Now I know I said that having a warm Christmas was very strange for me but that wasn't me trying to say that I didn't want to experience nice sunny days. We woke up this morning to a miserable grey skyline with big fat raindrops falling down around us. I felt like I was waking up back home in the UK. It was so cold that the crew almost started a snowman competition.

We would've had plenty of time too as we hit yet another wind hole which took over our boat. However, as the morning continued the sun did come out and so we decided to enjoy the sun as best we could while we bobbed around off the coast of Bateman's Bay. Usually during these down times we like to do some maintenance on the boat however this time around I decided to do a little bit of personal maintenance. Some body DIY if you will.

Obviously being away at sea takes its toll on the body and every now and then you can let your appearance slip. Honestly, it's no big deal as we're all in it together and let's face it we don't have any mirrors on the boat anyway. However now that we are so close to Sydney I thought it was worth sprucing myself up a bit so that I look good at the Prizegiving Ceremony on Sunday. There wasn't too much work to do but I did need to enlist a helping hand when it came to taming my glorious and illustrious mouth mat. I'm talking of course about the world-famous Lance Shepherd Lip Tickler - my tache. There are just certain angles that I can't get at and I need a set of nimble, well balanced and perfectly sized hands. Enter a certain Australian who has nimble, well balanced and perfectly sized hands. The young lad relished getting stuck in there and pulling out all my extra-long hairs and yes there are photos to accompany this story. I swear I didn't wince once. Well I didn't cry at least. My eyes were merely watering with salt water…

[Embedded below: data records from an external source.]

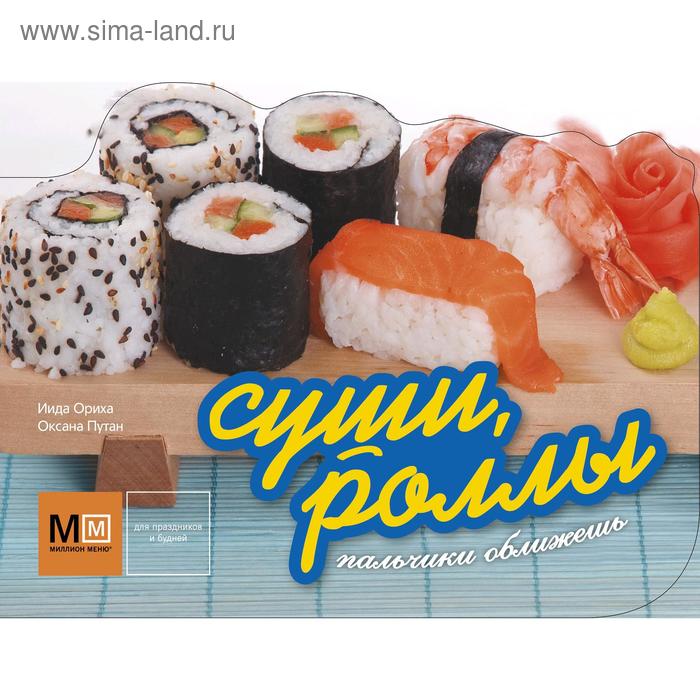 Суши, роллы
Суши, роллы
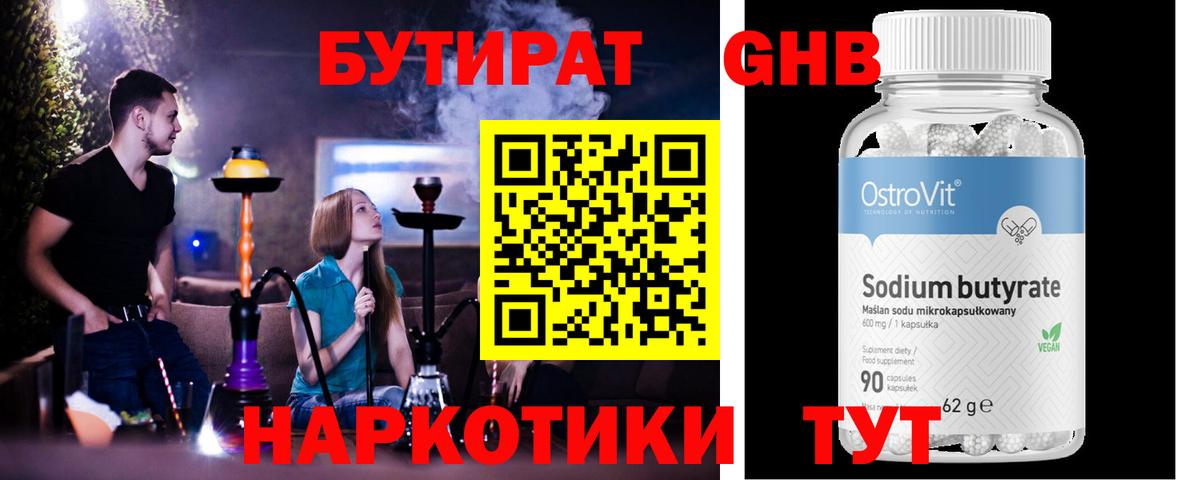 Камышин  Вход с VPN  Конопля  Альфа ПВП СК   ГАШИШ  ЭКСТАЗИ  Cocaine  Меф МЯУ МЯУ кристаллы  Героин 
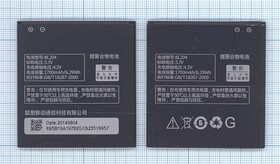 Аккумуляторная батарея (аккумулятор) BL204 для Lenovo A586, A630T, A670T, A765E, S690, S696 3.7V 1700mAh
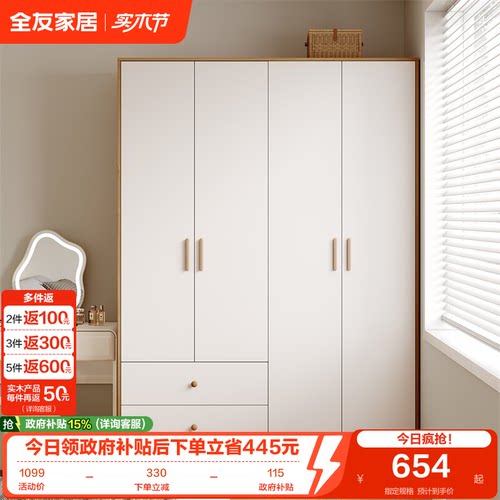 全友家居奶油风小户型ENF级衣柜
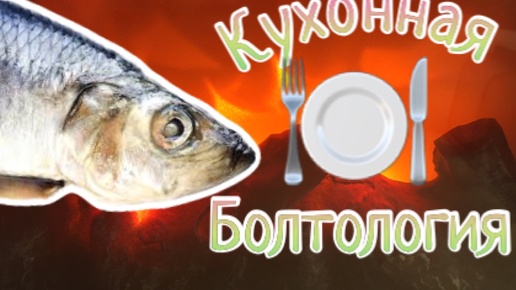 Болтология, списки , готовка🍽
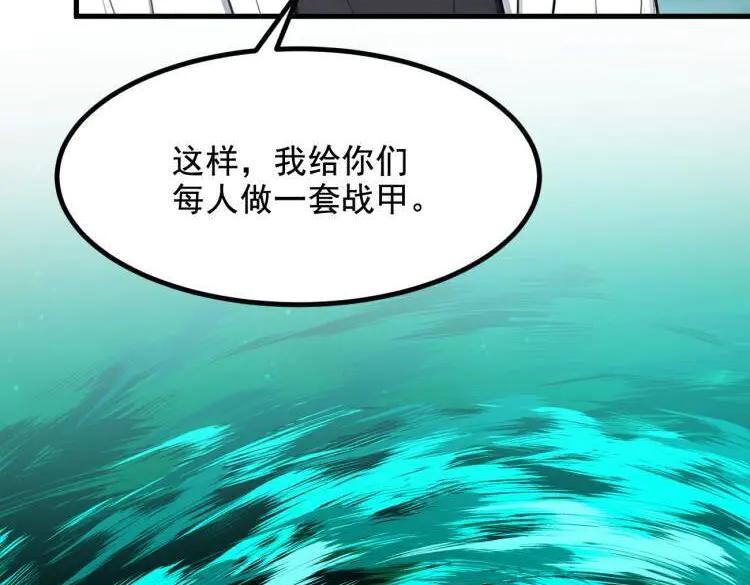 《我主宰了灵气复苏》第69话 下一站，太平洋！ 第80页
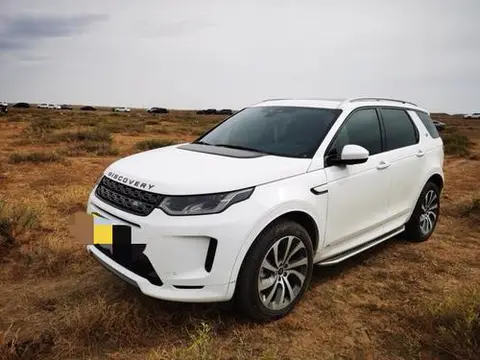 Land Rover 发现运动 2020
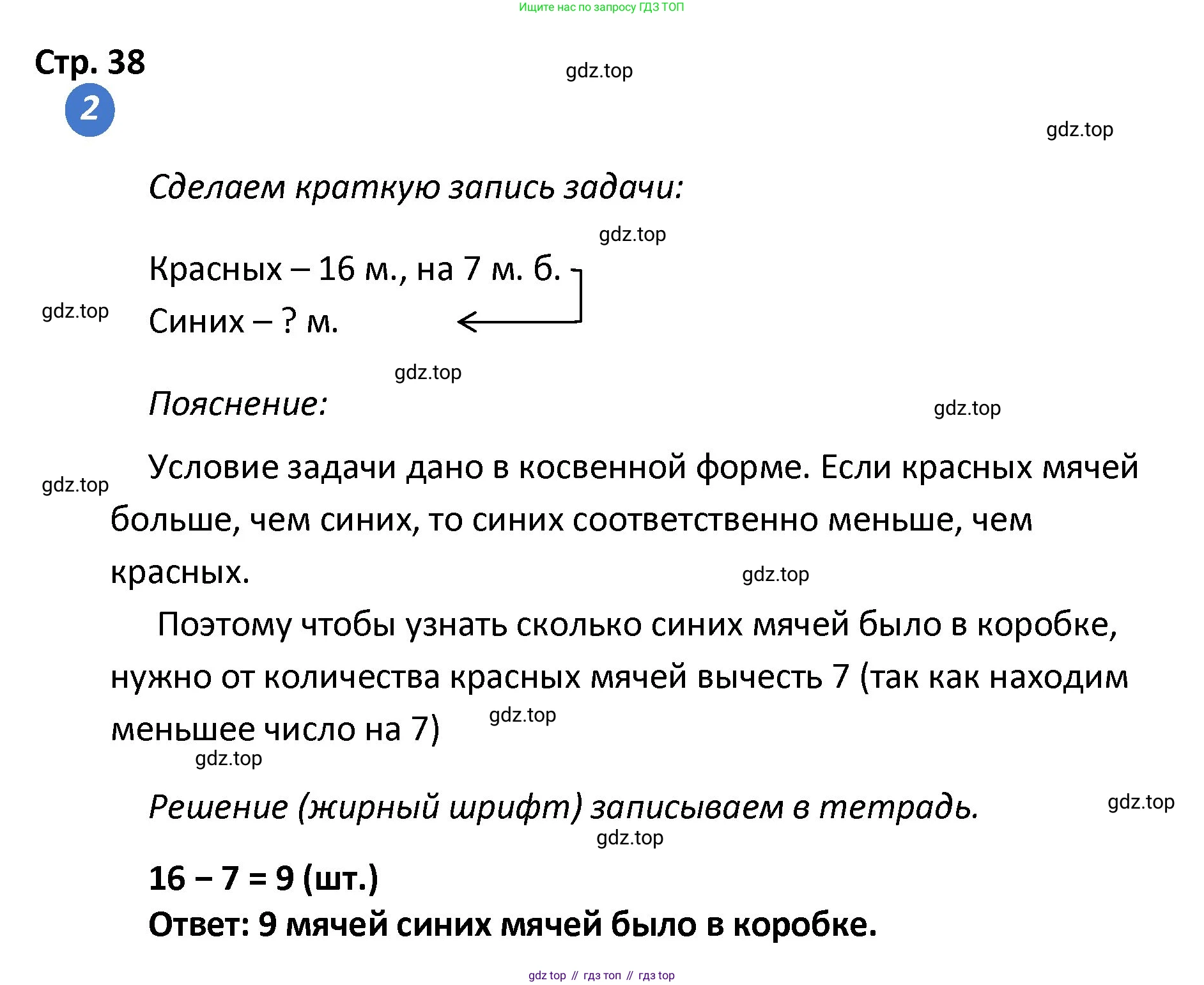 ГДЗ Математика, 4 класс Проверочные работы, автор: Волкова Светлана Ивановна, издательство Просвещение, Москва, 2023, белого цвета, страница 38, номер 2, Решение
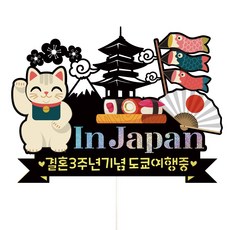 일본가족여행-추천-상품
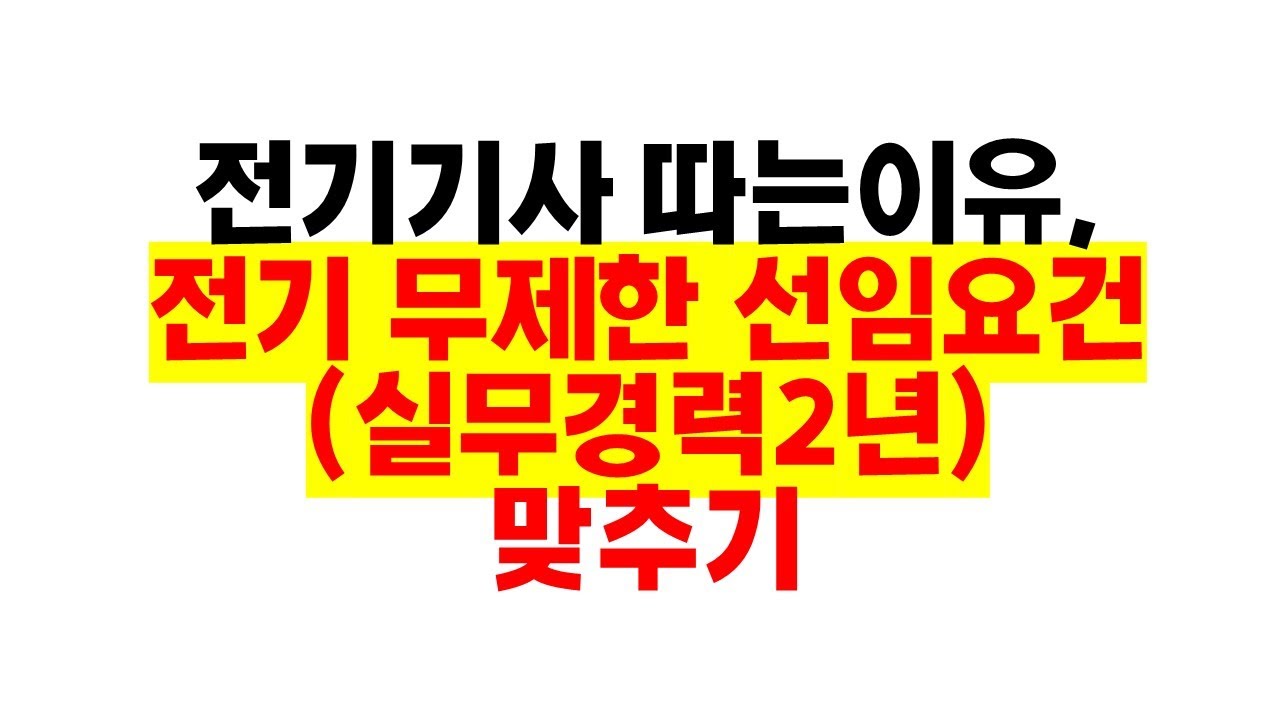 전기기사 따는 이유, 무제한 선임요건(실무경력2년) 맞추는방법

It appears that after my makeover I have made quite an impression on the crew. So much so that a Christmas Carol has been written, quiet surprisingly by our resident American Bear, Roy Boy Hubbard. I haven't read it in full but I'm pretty sure it's a very complimentary piece and it's really helped the crew get pumped up for Christmas.

I'll end this blog and leave the Christmas Carol here for you all to enjoy.

Ta,
Lance

**A Clipper Christmas Carol**

By Roy Hubbard

Twas a couple weeks before Christmas, and well into our trip.

The crew working merrily with the exception of Skip.

See we'd been heading to the south pole through an ocean so swelling.

In hopes of seeing Santa and his Mrs in their new summer dwelling.

Over the waves and through the wind our faithful pink boat kept pushing.

The crew scampering about on deck while ol' Lance kept on mushing.

''We'll have this spinnaker up in no time'' Skip hollered ''We haven’t a choice!''

''If we want to make Christmas we must make this hoist!''

''Rick and Elvis get to that halyard and get ready to sweat''

''This will give us 25 knots I'm willing to bet!''

Then Claire shouted ''Is it rigged up just right to be flown?

Skip shouted back, ''Of course it is you scoundrel I did it me own''

''Yah! Yah! Nano, JV, Mikey and Greg keep that bearing!''

That goofy knitted hat on his head he was wearing.

''The quicker this is done we'll be at a mooring''

''Then all you lads can escape Frett's snoring!''

''Paulie, Dodge and Stevie are we ready over there?''

''Aye aye cap'' They shouted back ''we'll grind like a bear!''

''Then hoist! Hoist! And then hoist some more!''

''If you don't get it up there, I'll throw you ashore!''

And with that, the big baggy sail shot right up out of sight.

Straight towards the sky, like a rocket in flight.

The snaps began to pop and the sail started to fill,
Then all of a sudden our poor Code One began to look ill.

Sagging and flapping out there in the breeze,
The poor little sail just couldn’t appease.

It continued to unfold out and put up a good fight.

But still the sail just couldn’t bite.

''Roy and Red, what the hell did you two do?''

They looked at each other without even a clue.

''Skip, we didn’t run anything on our old kite''

''We've been downstairs on Mother and haven't seen light!''

The crew looked up to see what had happened.

Then it became hard to grin without laughing.

A clew clipped to the halyard and sheets tied to the head.

It was clear at that moment that nothing correctly was led.

Skip sat their puzzled scratching his noggin
As the misshapen sail sat out there flogging.

But he didn't have to wait long to figure out just what to do.

Because just at that moment the tackline had blew.

''Ahah! Yes! Right! I know just how to fix this whole mess!''

And with that Skip went below and got a whole good night's rest.

Now the boat is run by Jamie that scruffy Cayman Hunk
While Skipper just stays below huddled up in his bunk.

And now when the whole crew stays up all night just to dance
They all laugh about the sail that took down our poor Cap'n Lance.